** RECORD SET follows **

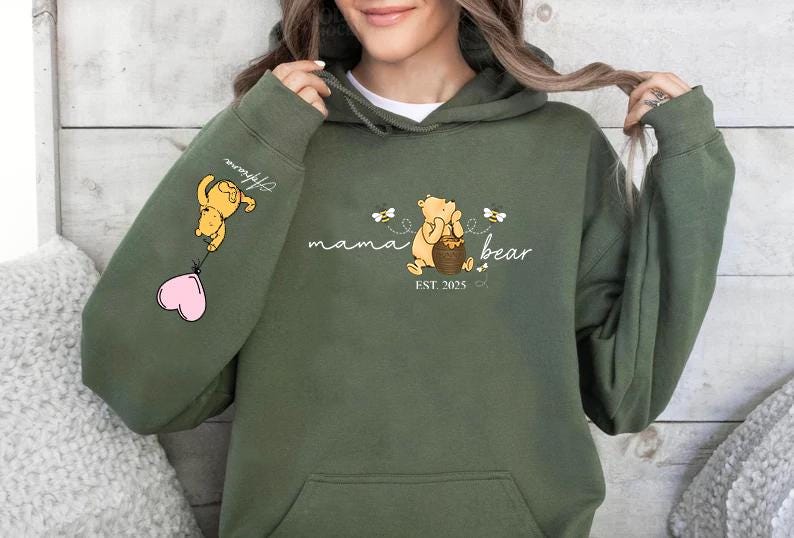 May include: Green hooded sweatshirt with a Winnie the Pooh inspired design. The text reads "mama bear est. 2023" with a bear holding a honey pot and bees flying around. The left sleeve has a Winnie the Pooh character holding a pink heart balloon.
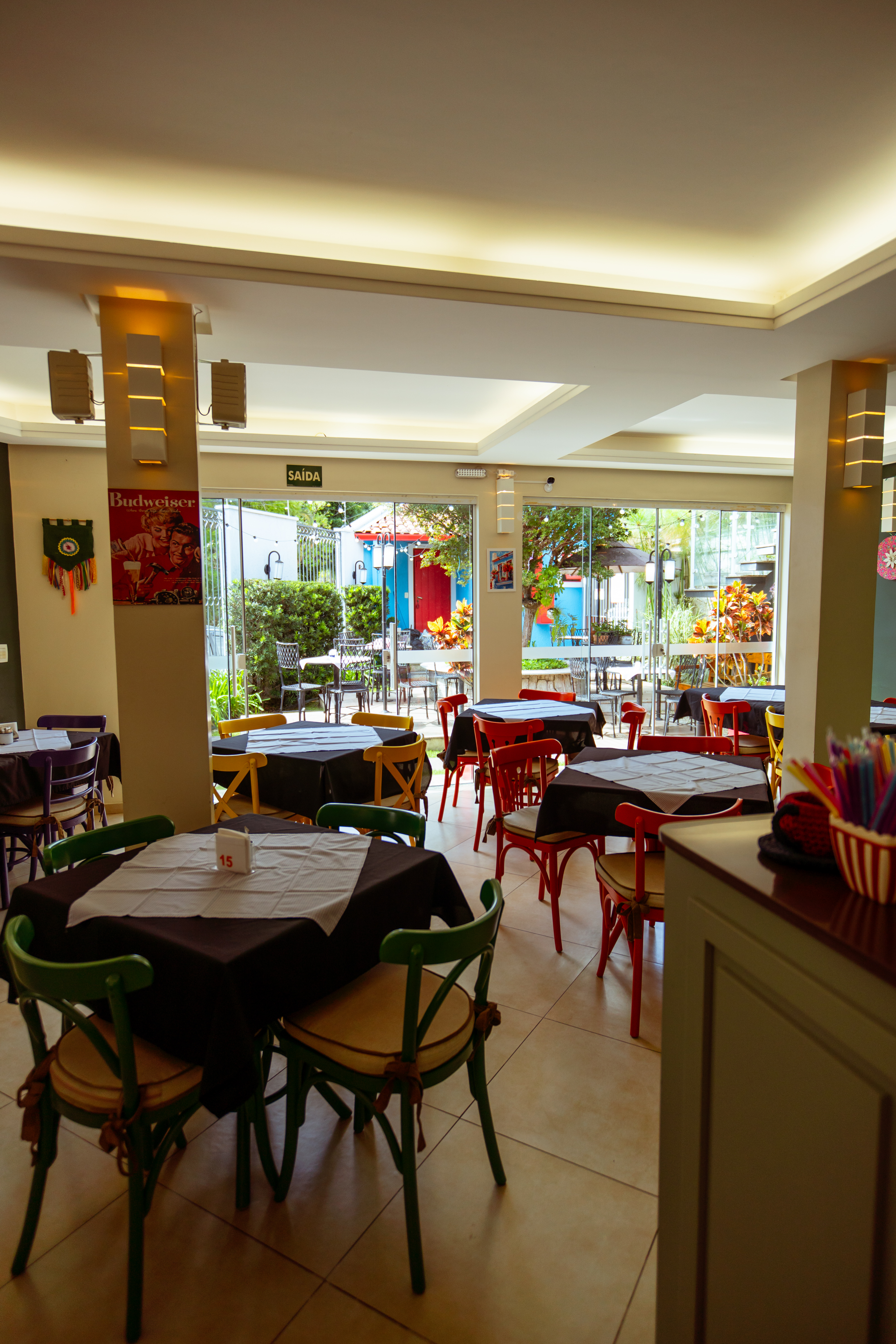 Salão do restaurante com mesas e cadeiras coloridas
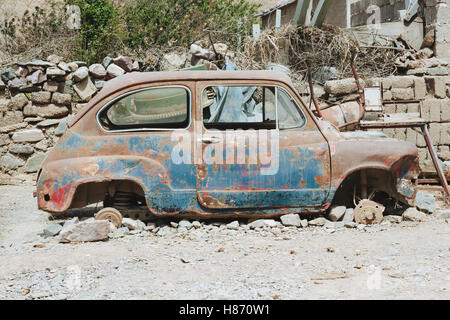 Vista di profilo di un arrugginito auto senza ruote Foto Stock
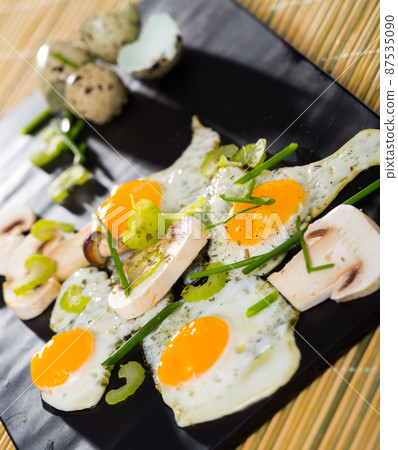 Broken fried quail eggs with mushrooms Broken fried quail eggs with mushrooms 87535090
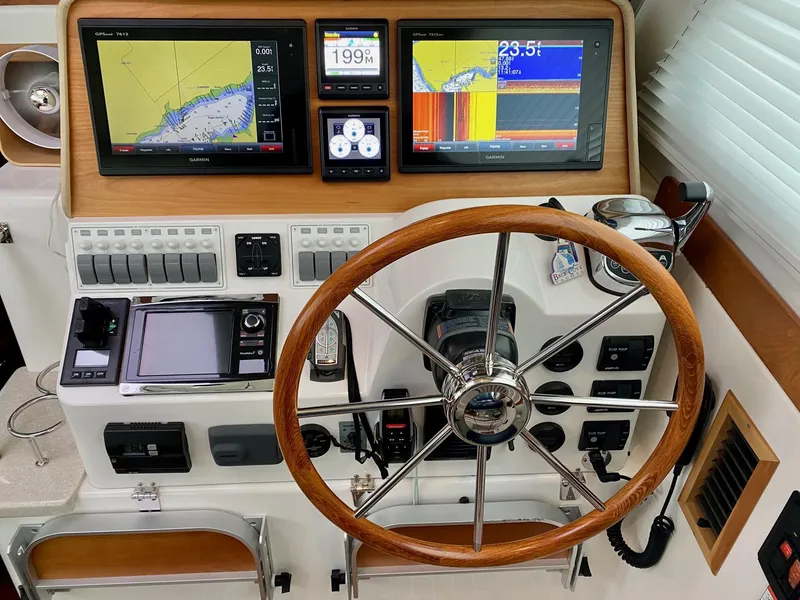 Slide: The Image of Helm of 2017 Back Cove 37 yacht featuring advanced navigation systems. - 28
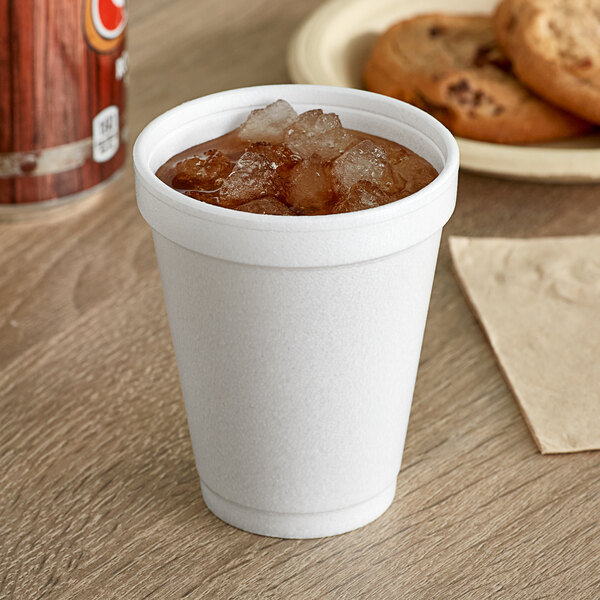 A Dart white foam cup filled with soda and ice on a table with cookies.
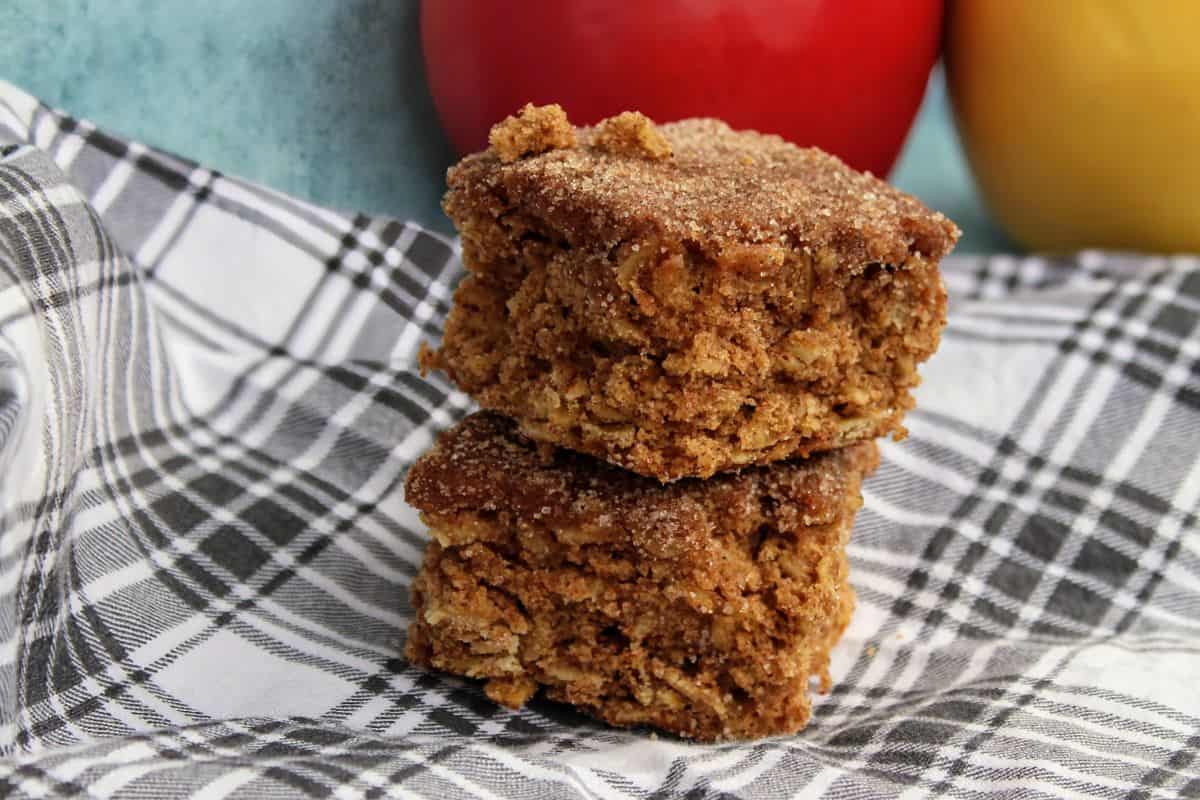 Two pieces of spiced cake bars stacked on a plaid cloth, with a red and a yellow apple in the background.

** End of RECORD SET **

## TASK DESCRIPTION:
What is needed is a verbatim copy of the entries, leaving out any pictures.

## RESPONSE:
 May include: Green hooded sweatshirt with a Winnie the Pooh inspired design. The text reads "mama bear est. 2023" with a bear holding a honey pot and bees flying around. The left sleeve has a Winnie the Pooh character holding a pink heart balloon.
 Salão do restaurante com mesas e cadeiras coloridas
 Vista di profilo di un arrugginito auto senza ruote Foto Stock
 Broken fried quail eggs with mushrooms Broken fried quail eggs with mushrooms 87535090
 Slide: The Image of Helm of 2017 Back Cove 37 yacht featuring advanced navigation systems. - 28
 A Dart white foam cup filled with soda and ice on a table with cookies.
 Two pieces of spiced cake bars stacked on a plaid cloth, with a red and a yellow apple in the background.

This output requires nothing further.